Quayle, who is unnaturally long-lived, is searching for the final few pages of the mystical Atlas that will open the gates to other worlds, destroying this one. He thought he had found the final pages, but Parker confounded him. Quayle knows another way to fracture our world, though, and he has set that plan in motion through Mors.

The book shifts points of view, from Parker to Quayle, to the sordid Mors and a couple of different men, who are carrying out ritualistic murders on the command of Mors. Midway through the book we begin reading ephemera: letters, diary entries, scraps of historical accounts of encounters with the Atlas. Another supernatural entity makes an appearance about three-fourths of the way through the book, and I think Connolly is setting up the next book in the series.

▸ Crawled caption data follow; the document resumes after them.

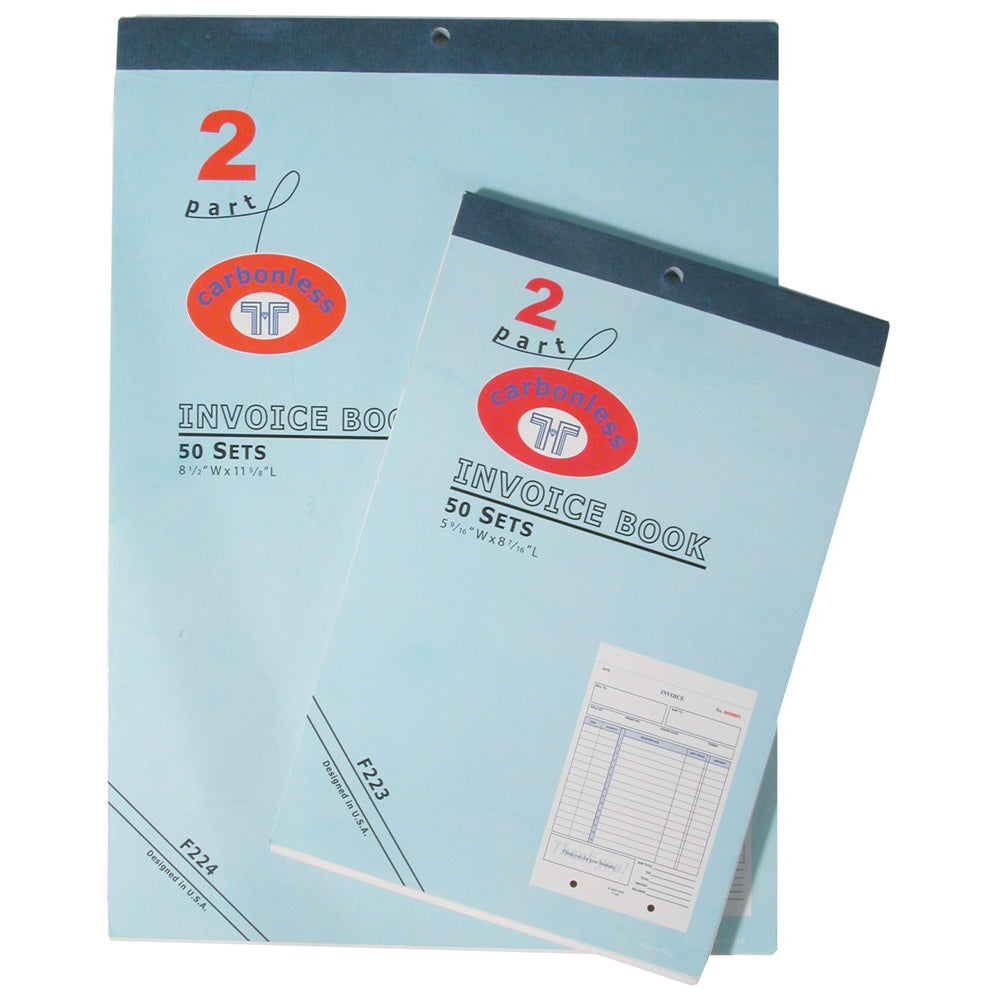 Invoice Books — X-Large — 8 1/2″ x 11″ — White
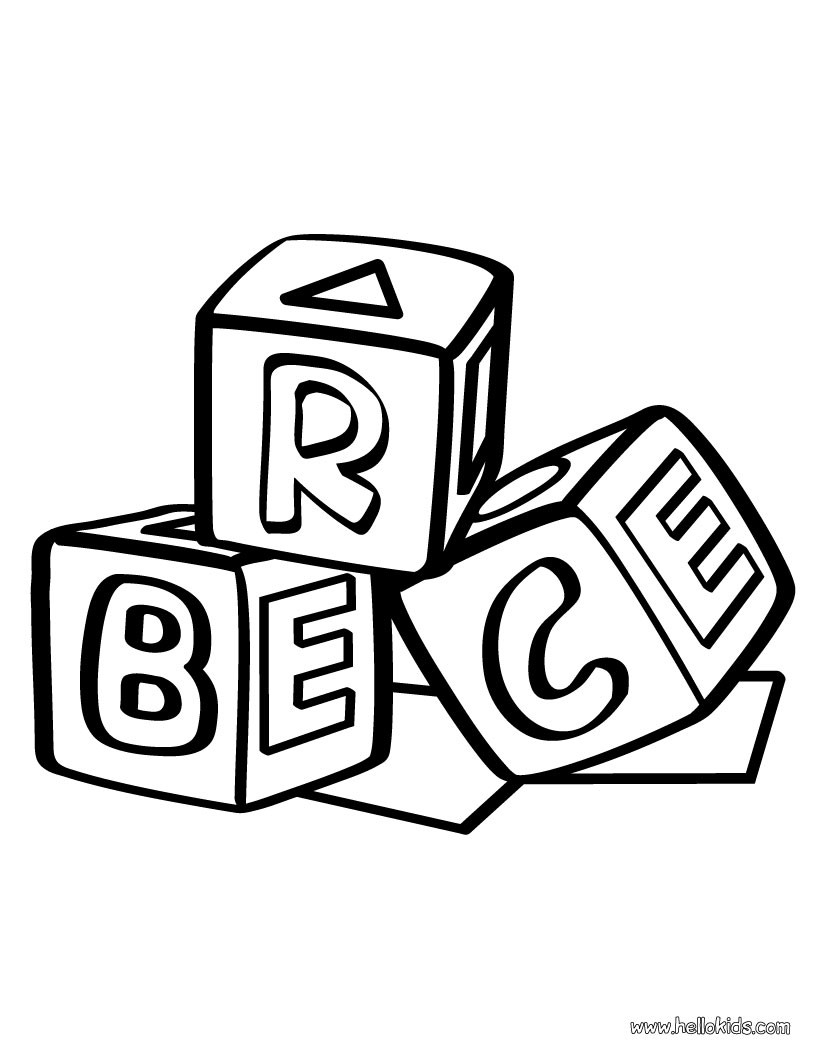 Big Block Coloring Pages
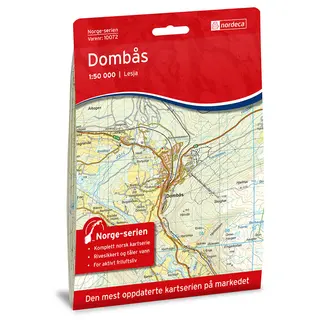Domb&#229;s Nordeca Norge 1:50 000 10072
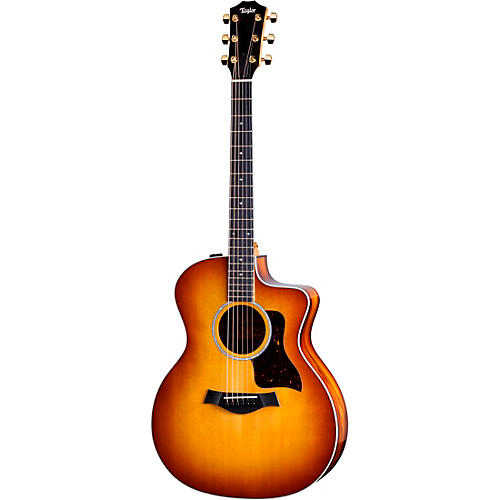 Taylor 214ce DLX Ziricote Special-Edition Grand Auditorium Acoustic-Electric Guitar Shaded Edge Burst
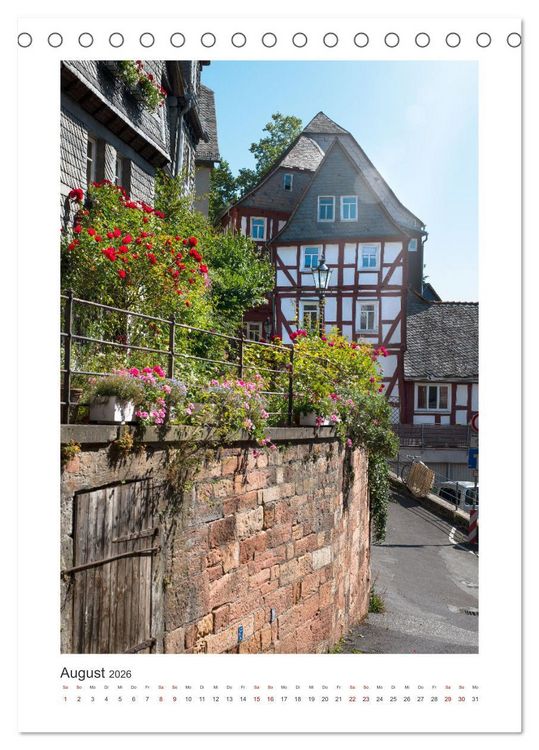 Produktbild: Mein Marburg (Tischkalender 2026 DIN A5 hoch), CALVENDO Monatskalender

A Book of Bones seemed much too long for its story. The thriller structure often uses POV shifts to increase the suspense, and this is nothing new in the PARKER series, but I found it hard to track in this one. Part of the problem is that the book, while moody and atmospheric as always, moved slowly. Part of it was that I hit my threshold of unpleasantness before I reached the end of the book, and we are in so many bad people’s heads for so long. The ephemera, a technique I usually love, irritated me because I wanted to get back to the story of Parker, Quayle, Johnston, Mors, and the Atlas.

On the plus side, the use of an historic British chapel and its famous stained glass windows was inventive and frightening, and I genuinely enjoyed the character of Bob. Angel had a brush with mortality in the previous book, and watching him and Louis deal with the consequences is interesting. As with all the Parker books, A Book of Bones is sprinkled with bits of dark wit and irreverent whimsy, like when Parker orders pizza and champagne for the two FBI agents assigned to escort him to Arizona, since they’re relegated to a chain hotel while Parker is put up in a five-star hotel suite. Parker charges the feast to SAC Ross’s account. That was fun, and funny.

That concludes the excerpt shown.